*PROMPT:* Your output should be the lines from the one containing "Men039s Jeans Men" through the last line below, both ends included, exactly as written and free of pictures.

*INFORMATION PROVIDED:*
━━━━━━━━
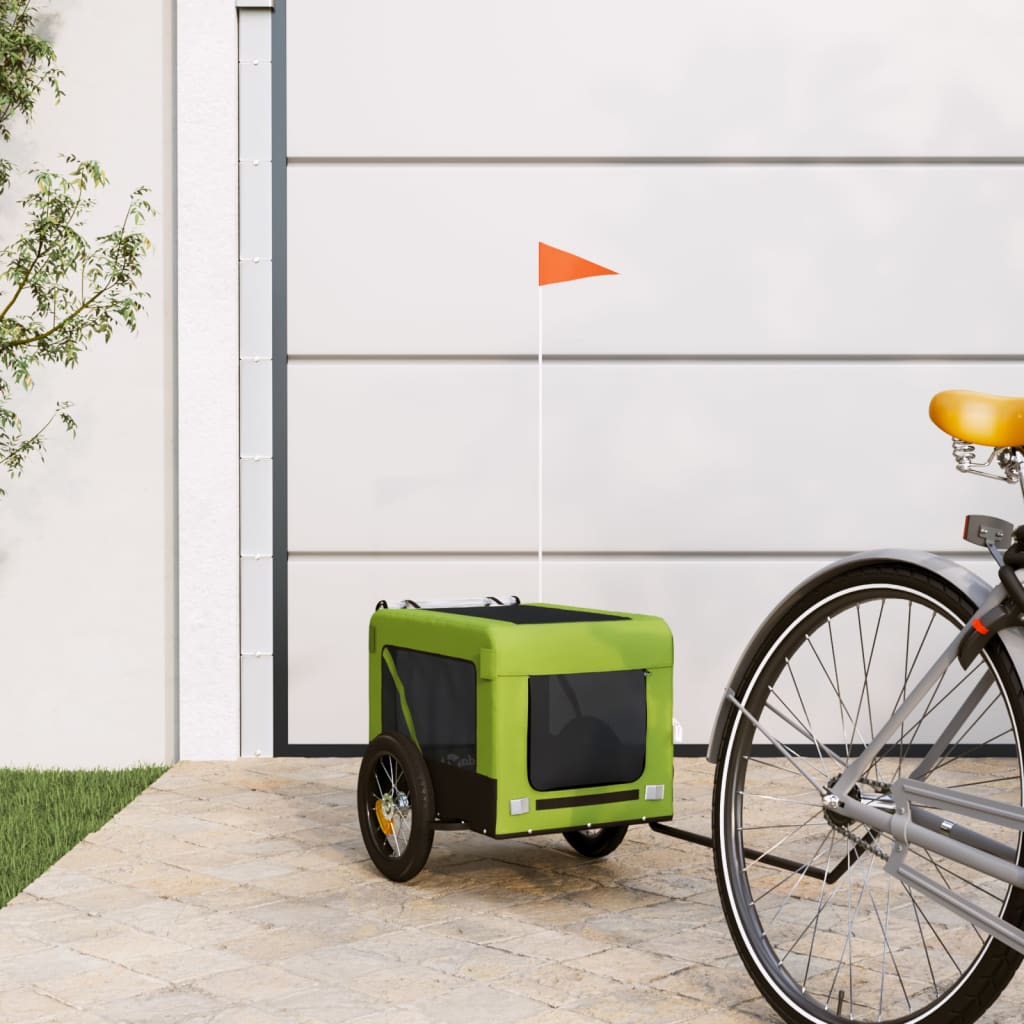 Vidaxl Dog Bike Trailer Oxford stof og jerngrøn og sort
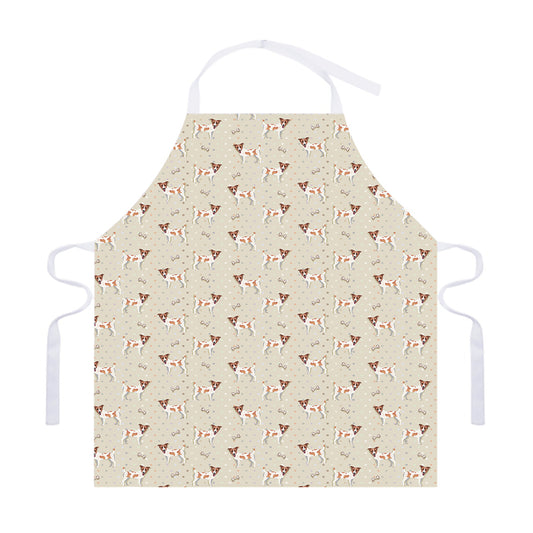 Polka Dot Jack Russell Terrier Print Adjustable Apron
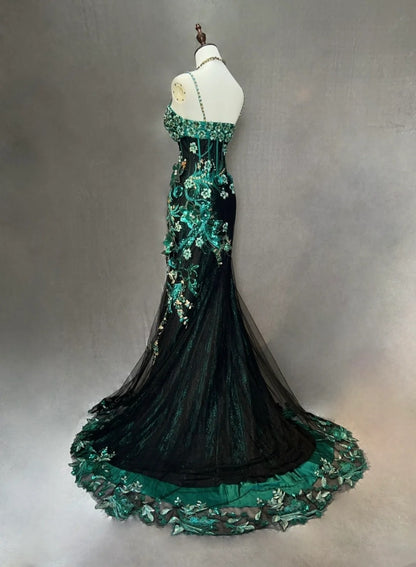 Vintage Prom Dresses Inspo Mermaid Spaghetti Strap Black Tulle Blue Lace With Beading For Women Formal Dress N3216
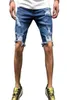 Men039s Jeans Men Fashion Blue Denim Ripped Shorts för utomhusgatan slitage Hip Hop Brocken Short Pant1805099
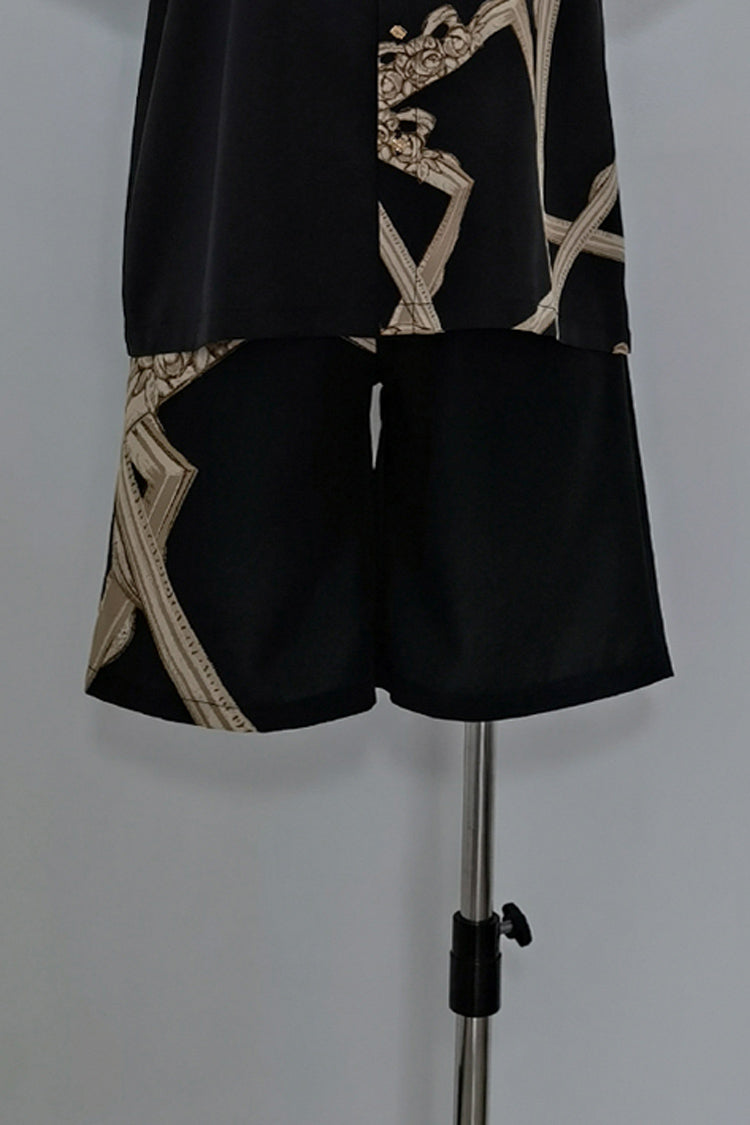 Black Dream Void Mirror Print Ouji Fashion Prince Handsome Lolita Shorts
━━━━━━━━
*COMPLETED TASK:*
 Men039s Jeans Men Fashion Blue Denim Ripped Shorts för utomhusgatan slitage Hip Hop Brocken Short Pant1805099
 Black Dream Void Mirror Print Ouji Fashion Prince Handsome Lolita Shorts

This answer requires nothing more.